# '05 vs. '06 Obrea Orca



## Nice Guy Eddy (Sep 19, 2005)

Are there any changes for the 2005 Orca?

Thanks.


----------



## trojanlete (Sep 2, 2005)

*Just paint colors...*

For 2006 the Orca is available in a "Blue", "Orange", "Silver" and "Green" color scheme. The "Red" and "White/Blue" that were available for 2005 will no longer be available.

Personally, I like the "Blue"...

They will also have a "Made to Order" option up and running on their website in about a week per Orbea-USA.


----------



## xcool (Oct 9, 2005)

*06 Orca is stiffer at the BB?*

Just ordered a silver 06 Orca today. The LBS owner told me that for 06 Orca, they beefed up the bottom bracket a little more to make it stiffer than the 05 model. 
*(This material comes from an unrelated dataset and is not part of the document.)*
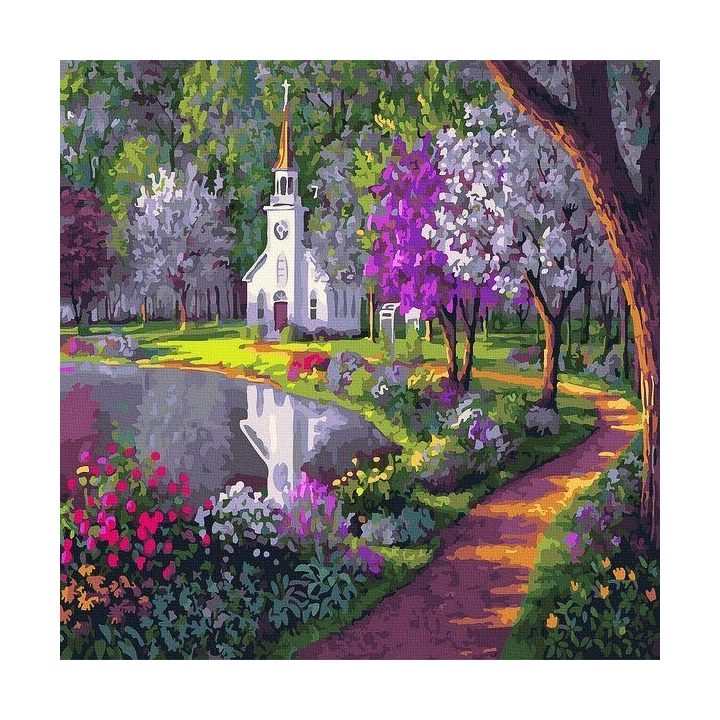 Tapyba pagal skaičius Pavasario koplyčia 40x40 cm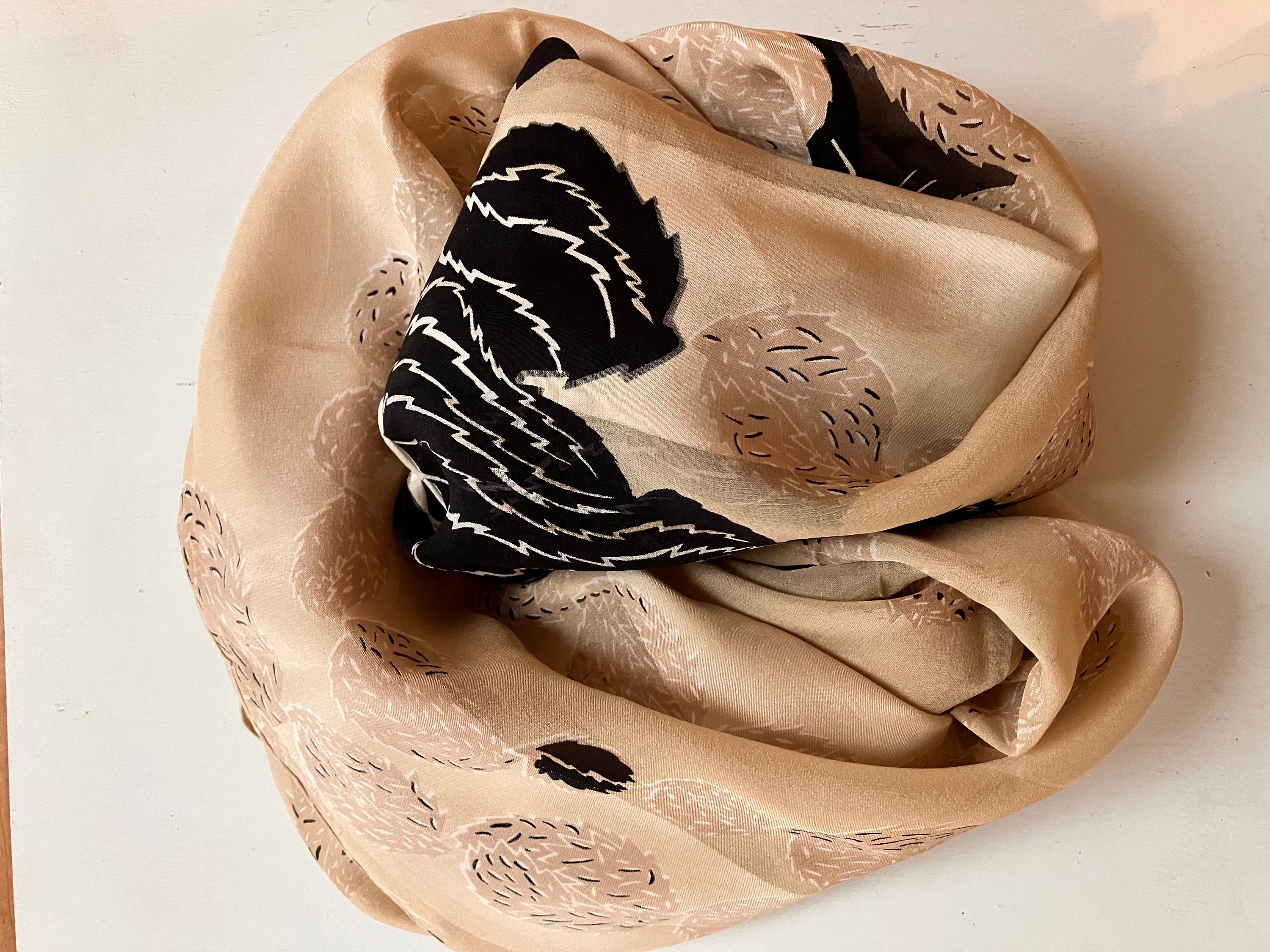 Sheer Silk Scarf: Vintage Italian Cream and Black Design - Etsy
Can anyone confirm this statement? or has anyone heard anything about this?


----------



## crisbay (Apr 9, 2006)

xcool said:


> Just ordered a silver 06 Orca today. The LBS owner told me that for 06 Orca, they beefed up the bottom bracket a little more to make it stiffer than the 05 model.
> 
> Can anyone confirm this statement? or has anyone heard anything about this?


Email Orbea and ask, they're very helpful and always reply to basic inquiries. There's a techie guy there by the name of Jason Cranch who always seems to have an answer for anything relating to the Orbea products.
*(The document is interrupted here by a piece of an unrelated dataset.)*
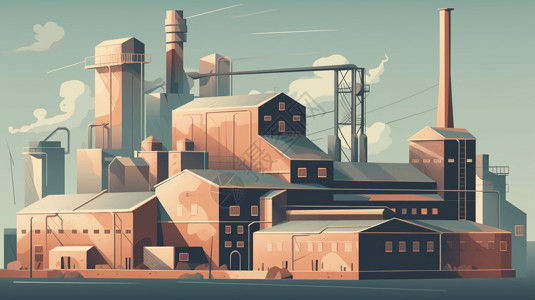 原料工厂大型造纸厂平面插图插画
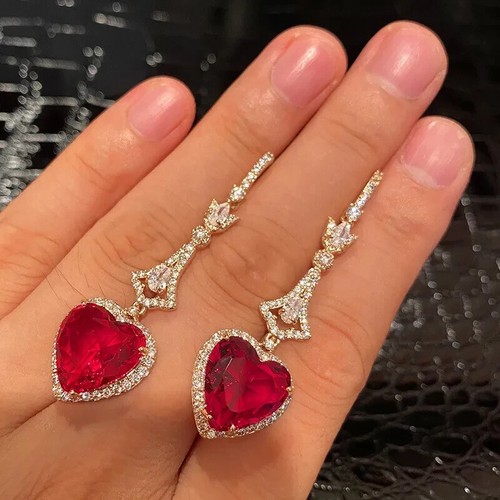 Lab-Created Red Ruby 3Ct Heart Drop Dangle Earrings 14K Yellow Gold Plated - Picture 9 of 9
I have the 2006 Orca but since Im new to this bike, I have no clue if the bottom bracket is an improvement from the previous year. But I tell yah, the bike is very responsive when doing climbs, no mushy feeling like my old Fuji bike.

Goodluck with the new bike.


----------



## xcool (Oct 9, 2005)

*06 Orca is different than 05*

I did email orbea to question whether there is indeed some changes in the frame. They confirmed that there is a slight change in the bottom bracket and some other areas for a more "tuned" ride quality. They did not say whether it was stiffened, just changed.


----------



## crisbay (Apr 9, 2006)

xcool said:


> I did email orbea to question whether there is indeed some changes in the frame. They confirmed that there is a slight change in the bottom bracket and some other areas for a more "tuned" ride quality. They did not say whether it was stiffened, just changed.


Notice the differences between the 2004 Orca and 2006 Orca:

2004 Orca:










2006 Orca:










Guess you can tell from the distance of the tire from back end of the BB and the way the stays are connected to the bottom bracket. And it looks like the end part of the downtube that connects to the BB has also been resized and now bigger. Or is that an optical illusion? My basis of course is the BB housing from the old Orca that protrudes prominently while 2006 Orca has almost none.

Unfortunately, cant find any pics around showing Orca 2005 BB.


----------



## xcool (Oct 9, 2005)

*Thanks for the pictures*

Great! Thanks for doing the research and posted the pictures. If you do find a picture of the 05, please let us know.


----------



## dave99ag (Jul 26, 2005)

xcool said:


> Great! Thanks for doing the research and posted the pictures. If you do find a picture of the 05, please let us know.


Here's a quick shoot of the '05 BB.


----------



## crisbay (Apr 9, 2006)

Hmmm? I dont see any distinct differences between 05 and 06 and I can only assume the BB reconfiguration happened in the 05 model. I wish Orbea-USA had been more specific when they replied to your email Xcool.

Dave99ag, thanks for posting the pic, that's very helpful.


----------



## dave99ag (Jul 26, 2005)

My guess is more layers of carbon, but the design itself hasn't changed from 05 to 06.


----------